On June 5th, the Maryland Court of Appeals held that a reduced interest rate on refunds paid to taxpayers as a result of the U.S. Supreme Court’s decision in Comptroller of Maryland v. Wynne did not violate the U.S. Constitution’s dormant Commerce Clause.
In 2018, the U.S. Supreme Court held that a Maryland statute that authorized a credit for taxes paid to other states was unconstitutional to the extent it applied only to the state portion of Maryland’s income tax, and not to the county “piggyback.” After the Court’s ruling, the Maryland General Assembly made two relevant amendments to the law. It amended the credit so that it would also apply to the county portion, and it also authorized interest on refunds related to the county portion of the credit at a prime rate of 3%, rather than the 13% interest rate paid on certain other tax refunds.
After their successful challenge to the constitutionality of the underlying credit provision, the Wynnes brought a new action challenging the reduced interest rate. The Wynnes again invoked the dormant Commerce Clause, arguing that the Comptroller must pay the same 13% interest rate that it uses for other income tax refunds.
The Maryland Court of Appeals disagreed. The court first determined that a tax refund is distinct from interest paid on a refund, and that the latter does not “implicate[] interstate commerce sufficiently to awaken the dormant Commerce Clause.” The court explained that the payment of interest on tax refunds is a matter of legislative grace, and that the legislature may periodically adjust the interest rate. The court noted that in many instances, the Comptroller pays no interest, and here, the 3% rate paid was tied to the prime rate used by banks, which ensured “fair compensation,” while maintaining the state’s “fiscal integrity.” By reducing the rate from 13% to 3% for Wynne refunds, the state saved an estimated $38 million.
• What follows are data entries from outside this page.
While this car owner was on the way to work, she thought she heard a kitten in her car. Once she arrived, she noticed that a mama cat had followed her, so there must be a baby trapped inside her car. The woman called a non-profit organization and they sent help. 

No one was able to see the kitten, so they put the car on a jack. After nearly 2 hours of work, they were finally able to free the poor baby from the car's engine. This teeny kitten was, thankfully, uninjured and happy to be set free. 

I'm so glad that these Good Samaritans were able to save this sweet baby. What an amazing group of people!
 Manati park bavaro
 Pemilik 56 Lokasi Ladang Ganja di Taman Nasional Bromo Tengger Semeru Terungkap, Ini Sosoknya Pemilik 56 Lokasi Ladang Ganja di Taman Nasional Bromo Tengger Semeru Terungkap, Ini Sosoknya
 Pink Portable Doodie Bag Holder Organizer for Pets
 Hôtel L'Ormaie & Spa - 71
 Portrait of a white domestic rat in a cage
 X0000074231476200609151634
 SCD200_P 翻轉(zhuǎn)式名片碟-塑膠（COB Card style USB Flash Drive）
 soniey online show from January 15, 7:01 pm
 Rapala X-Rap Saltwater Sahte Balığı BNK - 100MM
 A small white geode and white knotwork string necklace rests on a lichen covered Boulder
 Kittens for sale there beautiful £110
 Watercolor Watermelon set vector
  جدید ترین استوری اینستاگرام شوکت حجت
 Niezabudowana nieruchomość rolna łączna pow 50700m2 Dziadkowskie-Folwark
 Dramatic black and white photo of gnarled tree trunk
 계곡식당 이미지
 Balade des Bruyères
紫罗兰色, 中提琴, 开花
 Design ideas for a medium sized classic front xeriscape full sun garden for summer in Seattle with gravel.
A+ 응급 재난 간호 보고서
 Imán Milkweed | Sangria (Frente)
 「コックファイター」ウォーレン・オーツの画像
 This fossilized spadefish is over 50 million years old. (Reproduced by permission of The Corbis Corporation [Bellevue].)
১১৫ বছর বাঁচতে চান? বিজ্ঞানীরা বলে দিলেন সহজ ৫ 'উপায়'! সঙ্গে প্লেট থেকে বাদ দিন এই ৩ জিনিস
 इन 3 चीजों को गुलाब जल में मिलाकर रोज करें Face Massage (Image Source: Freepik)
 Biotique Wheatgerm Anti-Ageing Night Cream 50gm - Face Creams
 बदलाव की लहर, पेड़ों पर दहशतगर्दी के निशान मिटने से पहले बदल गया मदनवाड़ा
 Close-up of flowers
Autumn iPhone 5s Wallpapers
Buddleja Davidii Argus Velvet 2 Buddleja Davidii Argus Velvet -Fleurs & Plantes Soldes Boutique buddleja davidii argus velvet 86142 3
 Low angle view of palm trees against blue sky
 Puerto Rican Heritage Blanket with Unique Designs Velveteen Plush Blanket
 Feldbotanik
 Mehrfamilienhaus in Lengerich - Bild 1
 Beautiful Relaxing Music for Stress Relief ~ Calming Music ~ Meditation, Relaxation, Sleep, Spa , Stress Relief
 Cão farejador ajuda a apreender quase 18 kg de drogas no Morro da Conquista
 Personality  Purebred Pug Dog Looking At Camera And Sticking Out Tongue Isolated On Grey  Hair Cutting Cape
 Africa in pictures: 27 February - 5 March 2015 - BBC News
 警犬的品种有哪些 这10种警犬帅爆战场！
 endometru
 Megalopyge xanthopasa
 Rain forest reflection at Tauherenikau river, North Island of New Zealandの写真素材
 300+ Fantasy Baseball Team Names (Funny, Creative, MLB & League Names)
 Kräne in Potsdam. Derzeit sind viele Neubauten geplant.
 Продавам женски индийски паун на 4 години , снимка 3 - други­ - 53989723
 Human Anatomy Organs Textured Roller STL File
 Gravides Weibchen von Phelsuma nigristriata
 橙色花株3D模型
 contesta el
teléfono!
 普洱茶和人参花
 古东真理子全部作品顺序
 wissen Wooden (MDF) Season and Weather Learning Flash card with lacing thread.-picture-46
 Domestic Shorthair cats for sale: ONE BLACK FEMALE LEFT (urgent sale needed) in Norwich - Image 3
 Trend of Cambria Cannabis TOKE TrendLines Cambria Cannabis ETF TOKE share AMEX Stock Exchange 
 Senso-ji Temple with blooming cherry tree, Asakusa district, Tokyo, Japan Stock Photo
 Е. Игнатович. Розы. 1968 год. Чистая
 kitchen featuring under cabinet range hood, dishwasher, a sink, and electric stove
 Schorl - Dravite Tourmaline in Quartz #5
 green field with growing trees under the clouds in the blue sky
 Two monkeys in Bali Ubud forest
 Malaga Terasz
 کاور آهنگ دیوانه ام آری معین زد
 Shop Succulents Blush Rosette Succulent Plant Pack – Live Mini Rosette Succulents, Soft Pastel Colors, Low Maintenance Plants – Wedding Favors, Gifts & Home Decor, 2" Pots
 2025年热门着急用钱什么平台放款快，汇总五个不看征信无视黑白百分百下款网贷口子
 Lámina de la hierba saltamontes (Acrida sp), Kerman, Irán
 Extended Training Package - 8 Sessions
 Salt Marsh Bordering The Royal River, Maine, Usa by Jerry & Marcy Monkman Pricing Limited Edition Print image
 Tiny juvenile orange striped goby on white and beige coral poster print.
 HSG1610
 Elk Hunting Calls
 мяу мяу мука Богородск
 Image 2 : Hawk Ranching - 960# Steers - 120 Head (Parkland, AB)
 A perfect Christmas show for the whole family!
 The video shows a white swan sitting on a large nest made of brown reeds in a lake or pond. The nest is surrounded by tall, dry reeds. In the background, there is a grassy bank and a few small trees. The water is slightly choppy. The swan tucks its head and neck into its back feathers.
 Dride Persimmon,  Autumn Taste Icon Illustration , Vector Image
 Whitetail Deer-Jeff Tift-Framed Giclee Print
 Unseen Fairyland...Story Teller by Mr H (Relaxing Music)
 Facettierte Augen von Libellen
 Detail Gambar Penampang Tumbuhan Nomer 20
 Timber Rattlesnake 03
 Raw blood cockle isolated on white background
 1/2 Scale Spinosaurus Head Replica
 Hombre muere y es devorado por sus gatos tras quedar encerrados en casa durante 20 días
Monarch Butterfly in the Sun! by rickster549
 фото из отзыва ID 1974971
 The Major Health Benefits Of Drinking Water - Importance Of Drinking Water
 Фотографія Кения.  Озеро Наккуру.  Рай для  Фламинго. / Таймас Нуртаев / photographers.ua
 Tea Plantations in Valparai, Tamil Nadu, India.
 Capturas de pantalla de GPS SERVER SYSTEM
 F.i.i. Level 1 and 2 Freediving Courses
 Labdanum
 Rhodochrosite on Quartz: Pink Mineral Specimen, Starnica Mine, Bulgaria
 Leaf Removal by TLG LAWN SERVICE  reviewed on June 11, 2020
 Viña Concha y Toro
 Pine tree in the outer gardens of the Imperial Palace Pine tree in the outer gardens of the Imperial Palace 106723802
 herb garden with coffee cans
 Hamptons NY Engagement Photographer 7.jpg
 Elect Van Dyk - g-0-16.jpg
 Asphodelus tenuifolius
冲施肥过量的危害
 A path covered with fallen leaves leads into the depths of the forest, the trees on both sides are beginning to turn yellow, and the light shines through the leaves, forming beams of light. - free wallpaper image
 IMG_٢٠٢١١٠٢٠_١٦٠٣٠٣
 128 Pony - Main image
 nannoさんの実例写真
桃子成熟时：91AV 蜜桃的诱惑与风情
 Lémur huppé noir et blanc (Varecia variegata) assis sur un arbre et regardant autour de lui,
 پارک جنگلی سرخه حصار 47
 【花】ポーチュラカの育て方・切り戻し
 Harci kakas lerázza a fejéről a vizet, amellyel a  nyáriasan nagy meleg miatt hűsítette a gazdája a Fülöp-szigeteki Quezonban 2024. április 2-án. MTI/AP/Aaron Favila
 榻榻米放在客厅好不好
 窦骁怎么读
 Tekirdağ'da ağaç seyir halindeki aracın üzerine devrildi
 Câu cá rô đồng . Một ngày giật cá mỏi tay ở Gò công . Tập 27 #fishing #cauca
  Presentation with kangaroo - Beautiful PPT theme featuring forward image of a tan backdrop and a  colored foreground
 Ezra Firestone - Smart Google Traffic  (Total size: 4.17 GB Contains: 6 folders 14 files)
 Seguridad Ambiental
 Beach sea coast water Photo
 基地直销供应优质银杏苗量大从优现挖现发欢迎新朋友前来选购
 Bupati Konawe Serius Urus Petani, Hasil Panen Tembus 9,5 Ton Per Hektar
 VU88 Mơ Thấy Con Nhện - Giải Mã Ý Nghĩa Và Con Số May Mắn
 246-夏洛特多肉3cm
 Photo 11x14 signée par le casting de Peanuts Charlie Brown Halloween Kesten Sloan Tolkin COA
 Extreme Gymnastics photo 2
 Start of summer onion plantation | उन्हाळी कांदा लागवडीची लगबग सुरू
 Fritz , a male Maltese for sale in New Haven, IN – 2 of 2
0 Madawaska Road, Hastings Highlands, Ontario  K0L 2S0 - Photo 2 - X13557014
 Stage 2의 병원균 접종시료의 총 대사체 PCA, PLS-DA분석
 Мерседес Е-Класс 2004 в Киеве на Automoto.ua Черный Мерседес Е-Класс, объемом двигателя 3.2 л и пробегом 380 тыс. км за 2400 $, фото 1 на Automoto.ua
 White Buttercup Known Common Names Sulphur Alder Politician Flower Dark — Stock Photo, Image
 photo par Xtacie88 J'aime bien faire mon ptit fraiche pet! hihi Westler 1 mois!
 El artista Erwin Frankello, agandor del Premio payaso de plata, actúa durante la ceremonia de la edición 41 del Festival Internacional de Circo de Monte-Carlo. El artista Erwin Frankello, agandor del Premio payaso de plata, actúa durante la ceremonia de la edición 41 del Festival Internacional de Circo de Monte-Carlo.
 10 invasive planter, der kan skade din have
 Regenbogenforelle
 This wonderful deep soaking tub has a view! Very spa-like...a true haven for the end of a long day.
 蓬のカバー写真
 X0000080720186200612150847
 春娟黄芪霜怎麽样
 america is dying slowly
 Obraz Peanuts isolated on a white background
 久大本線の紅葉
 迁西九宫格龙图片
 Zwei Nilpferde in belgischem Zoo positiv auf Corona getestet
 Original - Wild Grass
Although the court determined that interest rates do not implicate the dormant Commerce Clause, it nevertheless analyzed the constitutional issue and determined that even if the dormant Commerce Clause were implicated, the reduced interest rate did not create interstate discrimination. Rather, the court reasoned that both the reduced 3% rate and the ordinary 13% rate would produce windfalls for the Wynnes, because both rates exceeded the rate of inflation. Thus, the court determined that even with the reduced interest rate, the Wynnes are better off than taxpayers who engaged solely in intrastate business, received full credit for income taxes they paid to other states, and never had to seek refunds.